Data records:
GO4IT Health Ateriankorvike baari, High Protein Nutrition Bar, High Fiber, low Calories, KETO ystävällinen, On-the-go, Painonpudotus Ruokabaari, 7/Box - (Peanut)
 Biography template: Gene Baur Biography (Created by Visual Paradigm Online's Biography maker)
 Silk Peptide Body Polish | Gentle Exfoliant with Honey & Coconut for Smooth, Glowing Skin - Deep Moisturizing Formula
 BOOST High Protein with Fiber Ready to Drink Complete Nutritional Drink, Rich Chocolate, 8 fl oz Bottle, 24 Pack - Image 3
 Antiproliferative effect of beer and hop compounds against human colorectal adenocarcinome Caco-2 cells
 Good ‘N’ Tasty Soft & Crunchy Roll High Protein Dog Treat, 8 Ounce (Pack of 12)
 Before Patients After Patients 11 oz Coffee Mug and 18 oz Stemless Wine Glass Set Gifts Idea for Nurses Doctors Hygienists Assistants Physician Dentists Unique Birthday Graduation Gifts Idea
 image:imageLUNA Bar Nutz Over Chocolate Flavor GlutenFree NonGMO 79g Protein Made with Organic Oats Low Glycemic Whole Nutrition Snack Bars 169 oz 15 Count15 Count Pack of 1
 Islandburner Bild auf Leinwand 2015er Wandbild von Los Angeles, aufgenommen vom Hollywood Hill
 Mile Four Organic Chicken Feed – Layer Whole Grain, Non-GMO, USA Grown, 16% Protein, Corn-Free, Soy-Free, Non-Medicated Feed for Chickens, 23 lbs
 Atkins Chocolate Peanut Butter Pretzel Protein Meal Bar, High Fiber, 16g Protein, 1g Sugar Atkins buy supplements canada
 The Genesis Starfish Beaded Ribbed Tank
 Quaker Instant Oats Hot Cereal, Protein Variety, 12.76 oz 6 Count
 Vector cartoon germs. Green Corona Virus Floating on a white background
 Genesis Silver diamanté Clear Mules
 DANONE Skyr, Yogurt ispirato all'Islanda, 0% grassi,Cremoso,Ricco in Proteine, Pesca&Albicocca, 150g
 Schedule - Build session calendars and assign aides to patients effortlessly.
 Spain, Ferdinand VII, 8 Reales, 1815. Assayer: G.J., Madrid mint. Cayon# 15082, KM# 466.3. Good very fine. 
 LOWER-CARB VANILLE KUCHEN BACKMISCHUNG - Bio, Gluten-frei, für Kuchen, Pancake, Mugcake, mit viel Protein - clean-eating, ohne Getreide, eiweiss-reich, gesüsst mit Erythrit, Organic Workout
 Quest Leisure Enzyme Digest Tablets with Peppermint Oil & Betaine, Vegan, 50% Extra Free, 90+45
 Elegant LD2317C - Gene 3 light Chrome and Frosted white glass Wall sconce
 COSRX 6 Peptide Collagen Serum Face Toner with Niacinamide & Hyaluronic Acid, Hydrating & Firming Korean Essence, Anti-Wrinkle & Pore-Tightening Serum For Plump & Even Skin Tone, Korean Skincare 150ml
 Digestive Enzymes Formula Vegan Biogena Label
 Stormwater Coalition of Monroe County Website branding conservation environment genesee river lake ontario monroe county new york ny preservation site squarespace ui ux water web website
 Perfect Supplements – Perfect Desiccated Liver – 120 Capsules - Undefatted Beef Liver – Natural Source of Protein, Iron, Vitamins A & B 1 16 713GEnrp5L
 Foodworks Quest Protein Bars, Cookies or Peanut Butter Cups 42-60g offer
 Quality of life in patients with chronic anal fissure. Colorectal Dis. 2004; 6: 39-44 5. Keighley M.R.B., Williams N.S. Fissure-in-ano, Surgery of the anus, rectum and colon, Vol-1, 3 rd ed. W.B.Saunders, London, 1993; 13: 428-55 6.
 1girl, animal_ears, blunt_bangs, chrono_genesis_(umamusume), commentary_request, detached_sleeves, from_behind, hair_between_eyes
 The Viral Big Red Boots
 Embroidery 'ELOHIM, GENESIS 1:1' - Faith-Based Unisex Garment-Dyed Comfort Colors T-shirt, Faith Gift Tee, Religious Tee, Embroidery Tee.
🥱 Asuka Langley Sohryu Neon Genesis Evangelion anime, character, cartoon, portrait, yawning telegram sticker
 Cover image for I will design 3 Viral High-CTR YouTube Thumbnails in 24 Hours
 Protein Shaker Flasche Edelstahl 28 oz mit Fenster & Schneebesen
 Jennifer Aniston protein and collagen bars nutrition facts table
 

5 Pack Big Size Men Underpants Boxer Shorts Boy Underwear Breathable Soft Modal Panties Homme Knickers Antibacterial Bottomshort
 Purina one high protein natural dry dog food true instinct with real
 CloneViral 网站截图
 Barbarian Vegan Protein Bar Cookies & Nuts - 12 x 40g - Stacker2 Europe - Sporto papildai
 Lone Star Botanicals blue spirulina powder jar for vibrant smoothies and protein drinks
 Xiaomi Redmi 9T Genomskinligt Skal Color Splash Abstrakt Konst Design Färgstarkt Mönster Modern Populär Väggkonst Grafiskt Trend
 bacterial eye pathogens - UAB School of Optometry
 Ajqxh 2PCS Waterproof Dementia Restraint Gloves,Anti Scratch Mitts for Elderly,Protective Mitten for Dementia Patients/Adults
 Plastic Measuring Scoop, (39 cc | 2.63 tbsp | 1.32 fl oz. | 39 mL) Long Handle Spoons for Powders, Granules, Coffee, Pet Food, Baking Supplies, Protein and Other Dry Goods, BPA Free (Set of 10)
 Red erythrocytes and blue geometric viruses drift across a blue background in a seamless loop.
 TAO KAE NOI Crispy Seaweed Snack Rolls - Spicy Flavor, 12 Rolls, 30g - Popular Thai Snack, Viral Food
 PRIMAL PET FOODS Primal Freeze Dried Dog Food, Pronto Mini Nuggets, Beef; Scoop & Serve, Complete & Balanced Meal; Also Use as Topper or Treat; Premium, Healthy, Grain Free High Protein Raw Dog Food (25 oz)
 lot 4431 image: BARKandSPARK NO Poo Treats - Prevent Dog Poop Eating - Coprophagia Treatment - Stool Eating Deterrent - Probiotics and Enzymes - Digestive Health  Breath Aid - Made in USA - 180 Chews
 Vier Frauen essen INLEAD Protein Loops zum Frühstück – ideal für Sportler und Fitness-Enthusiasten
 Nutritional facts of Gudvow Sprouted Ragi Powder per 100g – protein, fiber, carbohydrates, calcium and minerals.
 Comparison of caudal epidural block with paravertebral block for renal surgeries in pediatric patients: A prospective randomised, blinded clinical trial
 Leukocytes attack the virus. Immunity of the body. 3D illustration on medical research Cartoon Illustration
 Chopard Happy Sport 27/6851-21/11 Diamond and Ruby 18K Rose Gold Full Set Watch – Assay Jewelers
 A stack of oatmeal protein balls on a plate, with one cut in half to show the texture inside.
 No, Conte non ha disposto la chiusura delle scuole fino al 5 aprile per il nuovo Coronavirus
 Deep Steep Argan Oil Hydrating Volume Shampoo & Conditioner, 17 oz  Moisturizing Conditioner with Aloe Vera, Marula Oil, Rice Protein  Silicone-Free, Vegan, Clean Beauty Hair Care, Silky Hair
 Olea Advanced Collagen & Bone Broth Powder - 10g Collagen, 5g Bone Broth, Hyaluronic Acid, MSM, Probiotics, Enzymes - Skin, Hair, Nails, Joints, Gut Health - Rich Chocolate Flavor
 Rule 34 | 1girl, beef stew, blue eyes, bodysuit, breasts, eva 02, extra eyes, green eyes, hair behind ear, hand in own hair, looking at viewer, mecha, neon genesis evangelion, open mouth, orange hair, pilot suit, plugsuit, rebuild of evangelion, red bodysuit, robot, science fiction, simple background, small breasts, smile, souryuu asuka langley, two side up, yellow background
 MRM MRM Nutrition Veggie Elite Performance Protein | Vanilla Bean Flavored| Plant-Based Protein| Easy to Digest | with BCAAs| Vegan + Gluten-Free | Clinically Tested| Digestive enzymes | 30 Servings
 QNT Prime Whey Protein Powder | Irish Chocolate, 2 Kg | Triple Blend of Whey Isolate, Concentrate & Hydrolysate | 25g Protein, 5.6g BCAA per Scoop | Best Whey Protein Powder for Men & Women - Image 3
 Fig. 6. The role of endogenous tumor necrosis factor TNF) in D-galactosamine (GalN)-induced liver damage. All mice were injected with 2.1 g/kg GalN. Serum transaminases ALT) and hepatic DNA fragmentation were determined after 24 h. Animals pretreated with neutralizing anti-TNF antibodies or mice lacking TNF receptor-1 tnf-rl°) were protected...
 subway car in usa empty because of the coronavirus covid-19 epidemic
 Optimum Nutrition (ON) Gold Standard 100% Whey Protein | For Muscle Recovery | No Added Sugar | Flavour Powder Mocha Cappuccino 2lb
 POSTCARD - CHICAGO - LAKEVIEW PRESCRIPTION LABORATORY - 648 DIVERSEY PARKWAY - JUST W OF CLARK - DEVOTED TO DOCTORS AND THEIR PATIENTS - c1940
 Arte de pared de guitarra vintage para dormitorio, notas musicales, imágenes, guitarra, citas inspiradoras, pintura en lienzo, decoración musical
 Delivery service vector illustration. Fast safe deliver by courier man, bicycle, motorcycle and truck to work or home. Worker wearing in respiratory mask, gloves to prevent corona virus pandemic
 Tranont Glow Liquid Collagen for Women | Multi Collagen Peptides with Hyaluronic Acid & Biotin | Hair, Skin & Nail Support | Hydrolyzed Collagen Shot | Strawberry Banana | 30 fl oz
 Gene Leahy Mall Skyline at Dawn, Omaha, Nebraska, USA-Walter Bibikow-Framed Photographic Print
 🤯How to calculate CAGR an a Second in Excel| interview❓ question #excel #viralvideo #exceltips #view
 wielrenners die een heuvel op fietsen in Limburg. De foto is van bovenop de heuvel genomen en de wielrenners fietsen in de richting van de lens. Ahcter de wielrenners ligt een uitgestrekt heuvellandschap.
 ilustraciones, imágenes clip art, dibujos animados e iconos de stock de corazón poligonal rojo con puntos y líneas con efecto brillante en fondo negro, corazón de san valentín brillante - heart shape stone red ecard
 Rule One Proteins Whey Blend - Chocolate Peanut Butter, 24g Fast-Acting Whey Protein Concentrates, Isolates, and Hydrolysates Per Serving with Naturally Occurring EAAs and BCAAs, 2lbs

To do: The expected answer is a copy of every line in the entries that holds the word "white".

Output of the exercise:
 Vector cartoon germs. Green Corona Virus Floating on a white background
 Elegant LD2317C - Gene 3 light Chrome and Frosted white glass Wall sconce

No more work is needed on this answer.